- [Task to carry out]: Skip the pictures. Output only the lines below starting at the line with "Resultado de imagem" and ending at the line with "Casa moderna tip", both ends included, exactly as they are.

- [Data for the task]:
"""
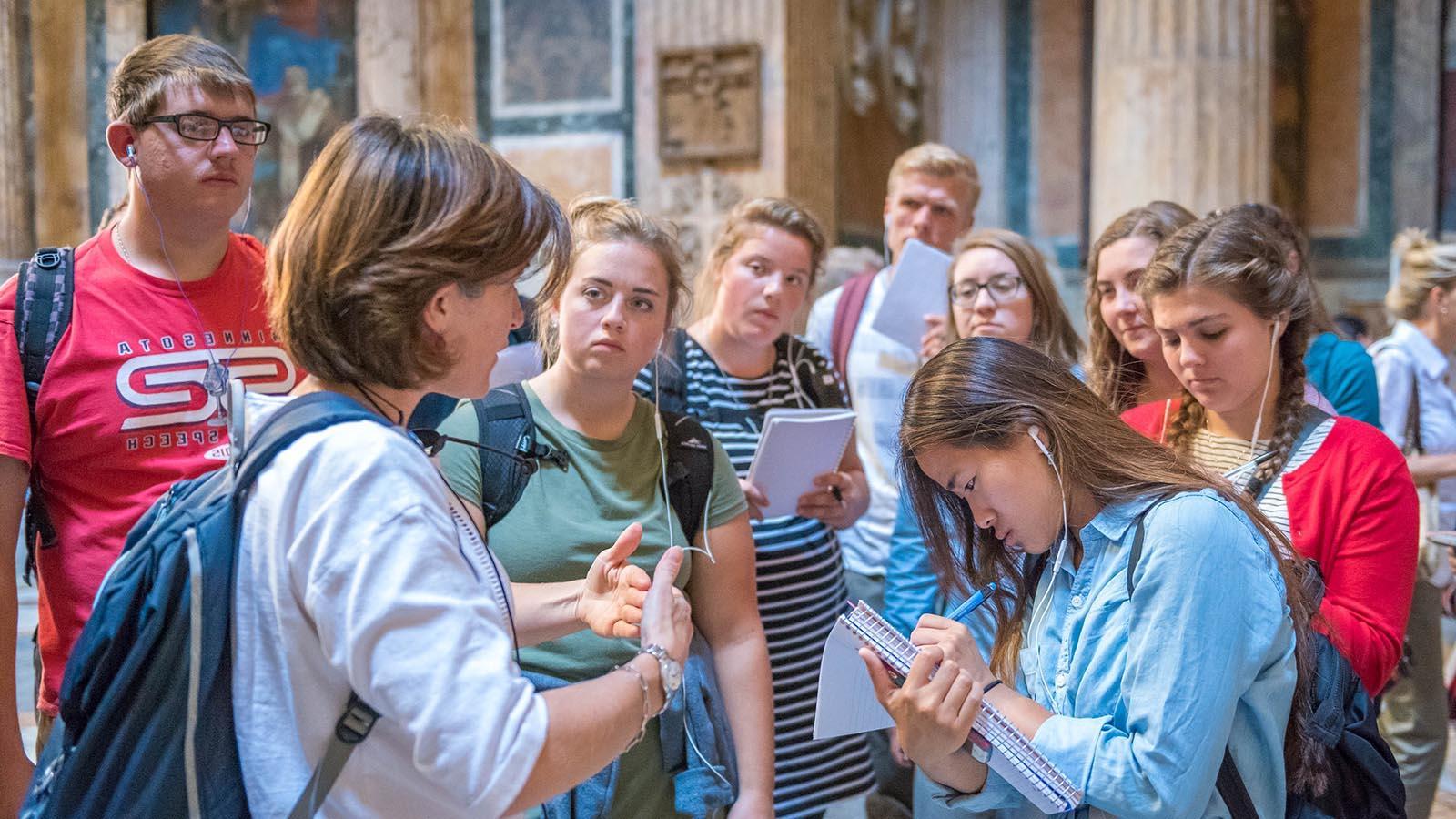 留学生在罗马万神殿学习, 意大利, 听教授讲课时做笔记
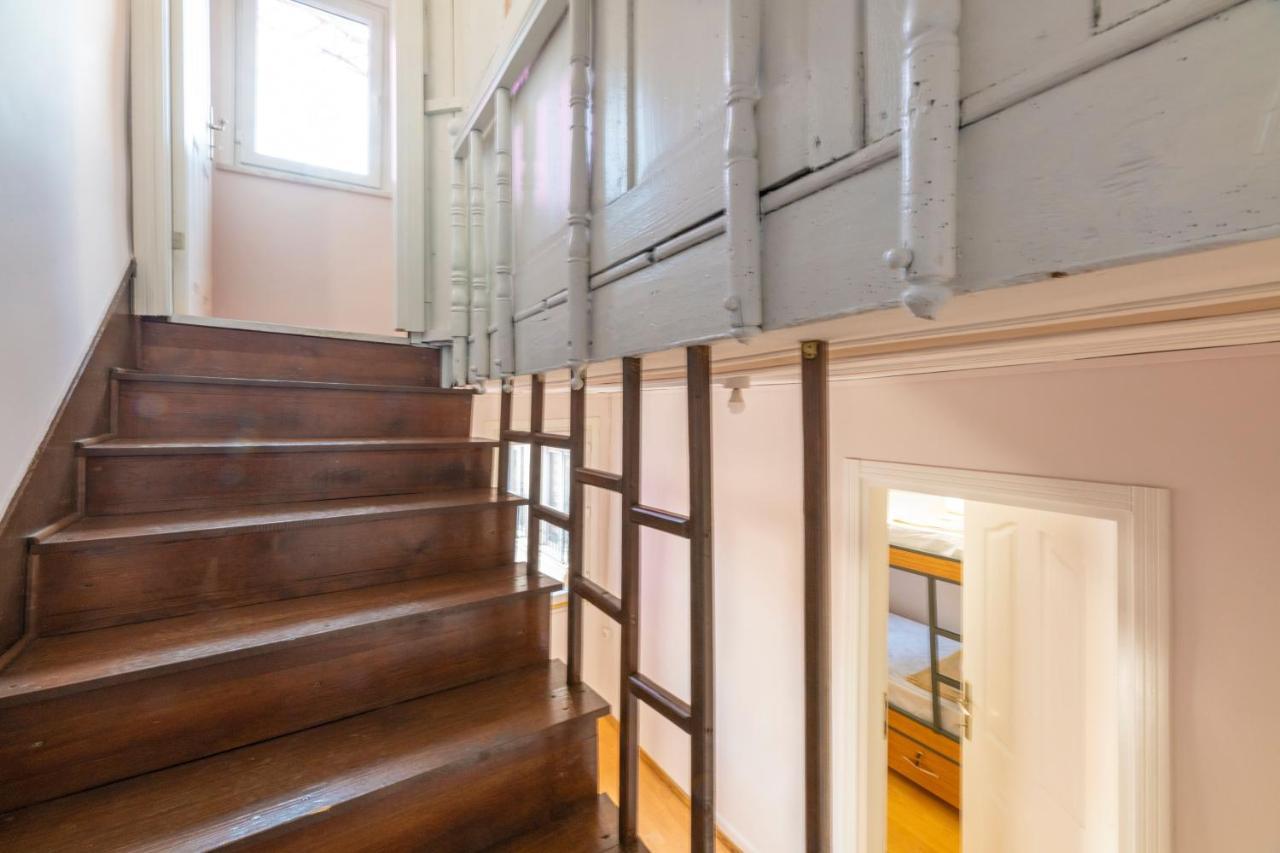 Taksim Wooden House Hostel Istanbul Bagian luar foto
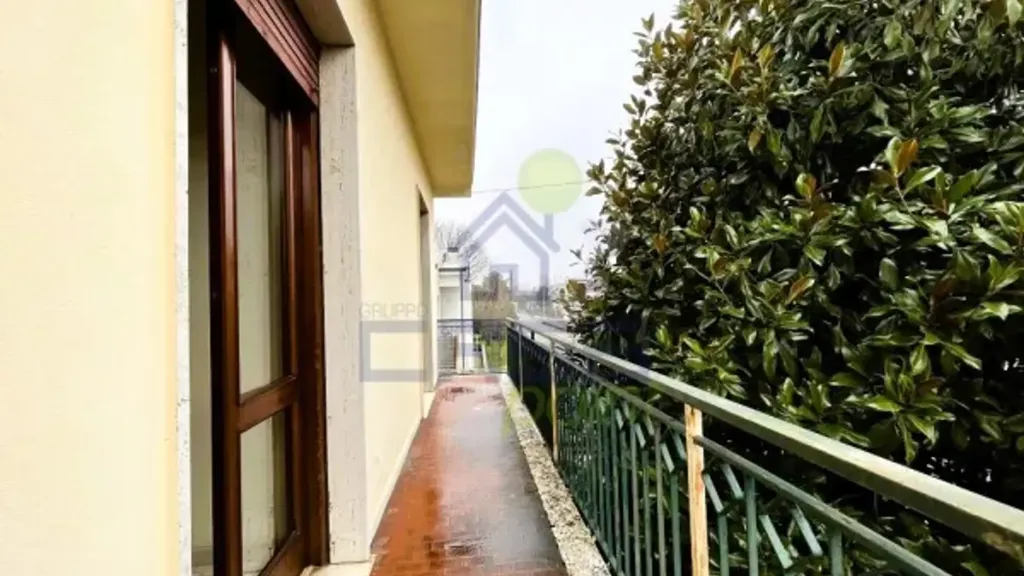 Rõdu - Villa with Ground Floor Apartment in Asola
"""
"""
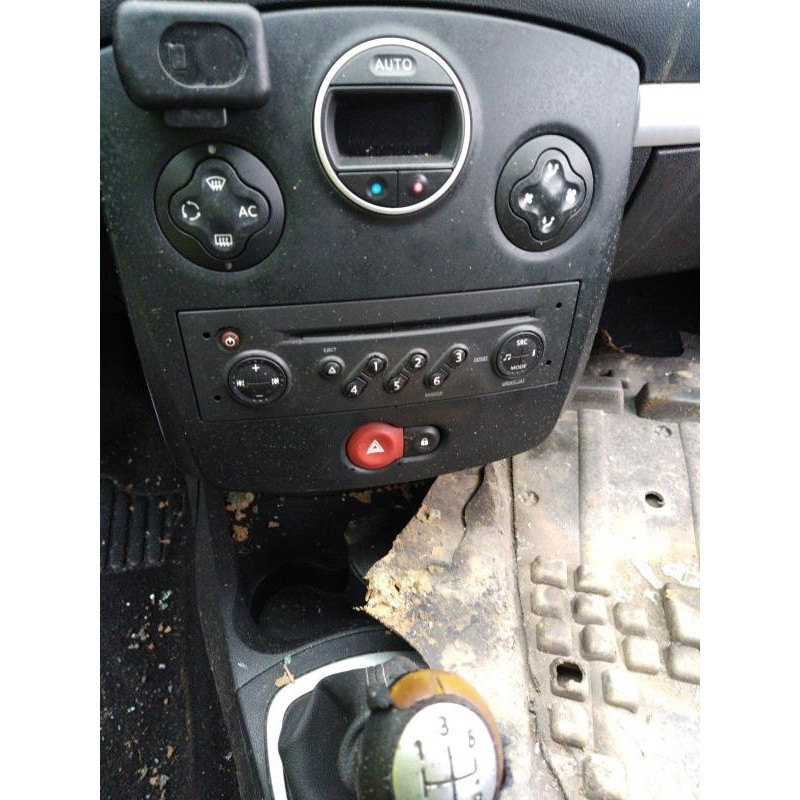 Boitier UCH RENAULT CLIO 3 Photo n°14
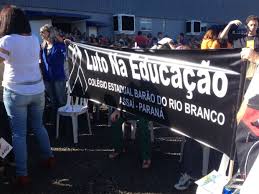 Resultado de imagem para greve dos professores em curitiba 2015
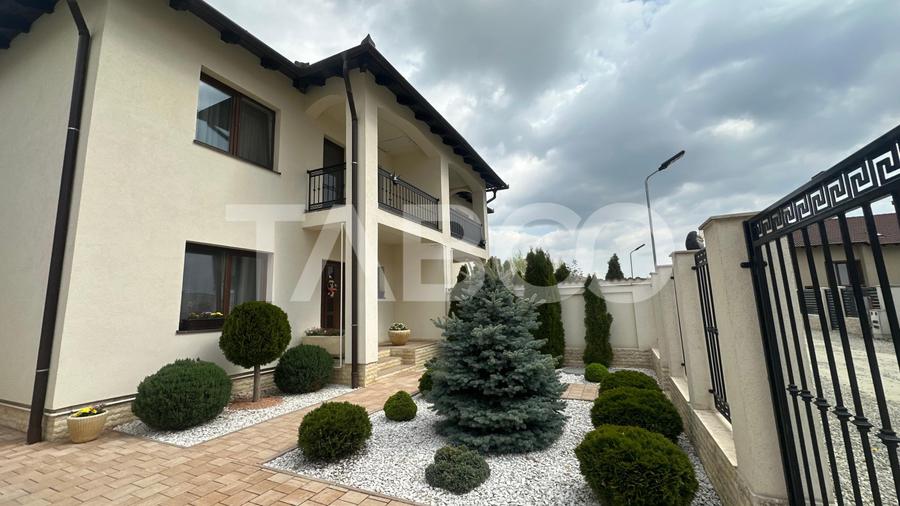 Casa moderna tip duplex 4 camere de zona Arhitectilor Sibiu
"""
"""
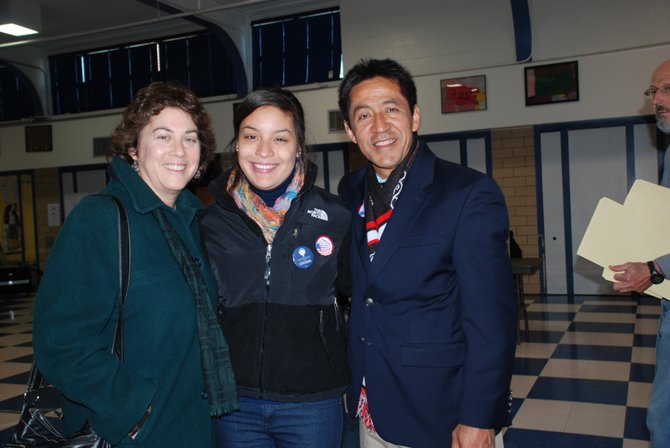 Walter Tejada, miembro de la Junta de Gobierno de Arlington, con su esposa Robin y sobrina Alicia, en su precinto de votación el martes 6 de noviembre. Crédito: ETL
"""
- [Result]:
 Resultado de imagem para greve dos professores em curitiba 2015
 Casa moderna tip duplex 4 camere de zona Arhitectilor Sibiu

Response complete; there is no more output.